Only those lines from the one with "Футбольні ворота для" through the last line of the material below should be output, each exactly as it appears.

» **INPUT DATA**:
————

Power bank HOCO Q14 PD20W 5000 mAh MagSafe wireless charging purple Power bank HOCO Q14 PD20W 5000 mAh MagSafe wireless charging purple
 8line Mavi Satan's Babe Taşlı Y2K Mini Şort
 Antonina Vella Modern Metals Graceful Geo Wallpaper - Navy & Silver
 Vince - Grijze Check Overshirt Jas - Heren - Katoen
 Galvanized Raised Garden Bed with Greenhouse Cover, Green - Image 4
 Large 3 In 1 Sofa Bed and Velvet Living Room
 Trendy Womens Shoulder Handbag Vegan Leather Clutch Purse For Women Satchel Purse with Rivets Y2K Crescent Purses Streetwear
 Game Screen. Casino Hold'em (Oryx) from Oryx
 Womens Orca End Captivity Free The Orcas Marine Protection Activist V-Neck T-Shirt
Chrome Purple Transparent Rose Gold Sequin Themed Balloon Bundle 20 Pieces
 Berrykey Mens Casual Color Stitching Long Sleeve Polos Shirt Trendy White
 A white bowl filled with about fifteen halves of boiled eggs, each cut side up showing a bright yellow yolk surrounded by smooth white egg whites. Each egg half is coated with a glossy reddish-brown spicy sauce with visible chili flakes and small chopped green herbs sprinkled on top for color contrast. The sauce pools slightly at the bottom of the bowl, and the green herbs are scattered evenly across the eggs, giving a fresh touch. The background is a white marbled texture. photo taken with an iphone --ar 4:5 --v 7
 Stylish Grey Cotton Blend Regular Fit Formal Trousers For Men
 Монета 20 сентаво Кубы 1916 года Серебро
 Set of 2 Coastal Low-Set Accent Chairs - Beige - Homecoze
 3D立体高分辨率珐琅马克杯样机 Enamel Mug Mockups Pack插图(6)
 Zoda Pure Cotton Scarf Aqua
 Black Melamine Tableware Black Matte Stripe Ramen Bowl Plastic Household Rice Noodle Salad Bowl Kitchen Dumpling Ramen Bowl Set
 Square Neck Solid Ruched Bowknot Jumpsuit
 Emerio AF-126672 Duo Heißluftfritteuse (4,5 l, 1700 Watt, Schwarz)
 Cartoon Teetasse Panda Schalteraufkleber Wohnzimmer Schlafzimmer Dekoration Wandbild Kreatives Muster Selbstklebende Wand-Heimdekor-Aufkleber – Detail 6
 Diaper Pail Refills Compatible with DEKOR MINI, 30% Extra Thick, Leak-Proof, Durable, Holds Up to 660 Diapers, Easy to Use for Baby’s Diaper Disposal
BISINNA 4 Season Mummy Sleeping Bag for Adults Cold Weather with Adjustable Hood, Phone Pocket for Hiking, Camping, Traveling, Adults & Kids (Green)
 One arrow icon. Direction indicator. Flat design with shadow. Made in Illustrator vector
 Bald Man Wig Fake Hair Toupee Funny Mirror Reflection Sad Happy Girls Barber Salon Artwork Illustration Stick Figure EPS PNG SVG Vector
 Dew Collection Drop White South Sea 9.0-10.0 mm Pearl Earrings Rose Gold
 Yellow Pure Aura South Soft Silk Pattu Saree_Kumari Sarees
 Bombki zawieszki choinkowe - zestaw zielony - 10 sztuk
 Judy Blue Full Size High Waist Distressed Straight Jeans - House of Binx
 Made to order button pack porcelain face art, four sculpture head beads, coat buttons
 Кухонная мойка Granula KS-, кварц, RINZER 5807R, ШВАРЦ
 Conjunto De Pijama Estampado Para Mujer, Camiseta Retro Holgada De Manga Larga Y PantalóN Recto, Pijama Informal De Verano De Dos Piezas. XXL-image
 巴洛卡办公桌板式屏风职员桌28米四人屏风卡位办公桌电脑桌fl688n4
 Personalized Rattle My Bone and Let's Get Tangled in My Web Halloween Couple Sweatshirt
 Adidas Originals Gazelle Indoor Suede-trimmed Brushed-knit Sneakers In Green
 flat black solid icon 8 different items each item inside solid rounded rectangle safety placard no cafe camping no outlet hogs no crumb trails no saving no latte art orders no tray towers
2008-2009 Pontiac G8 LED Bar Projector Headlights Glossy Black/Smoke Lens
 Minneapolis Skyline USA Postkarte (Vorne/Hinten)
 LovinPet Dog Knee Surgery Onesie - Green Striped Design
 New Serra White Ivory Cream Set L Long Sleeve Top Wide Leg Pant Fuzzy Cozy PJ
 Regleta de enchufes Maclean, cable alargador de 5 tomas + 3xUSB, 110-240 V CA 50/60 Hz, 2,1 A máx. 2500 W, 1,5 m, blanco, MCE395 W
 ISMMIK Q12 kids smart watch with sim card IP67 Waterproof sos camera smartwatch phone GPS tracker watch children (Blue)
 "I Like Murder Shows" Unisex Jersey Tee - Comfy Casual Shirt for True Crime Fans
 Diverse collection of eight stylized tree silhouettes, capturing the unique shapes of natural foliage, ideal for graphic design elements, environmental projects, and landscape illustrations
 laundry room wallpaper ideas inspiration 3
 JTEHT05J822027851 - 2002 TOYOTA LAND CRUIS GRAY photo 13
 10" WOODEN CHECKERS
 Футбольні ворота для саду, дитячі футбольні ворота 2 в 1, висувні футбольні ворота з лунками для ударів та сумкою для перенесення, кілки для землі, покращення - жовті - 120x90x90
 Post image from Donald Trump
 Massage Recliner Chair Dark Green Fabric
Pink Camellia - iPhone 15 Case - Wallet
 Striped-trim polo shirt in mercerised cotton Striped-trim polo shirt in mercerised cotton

————

» **THE COMPLETED TASK**:
 Футбольні ворота для саду, дитячі футбольні ворота 2 в 1, висувні футбольні ворота з лунками для ударів та сумкою для перенесення, кілки для землі, покращення - жовті - 120x90x90
 Post image from Donald Trump
 Massage Recliner Chair Dark Green Fabric
Pink Camellia - iPhone 15 Case - Wallet
 Striped-trim polo shirt in mercerised cotton Striped-trim polo shirt in mercerised cotton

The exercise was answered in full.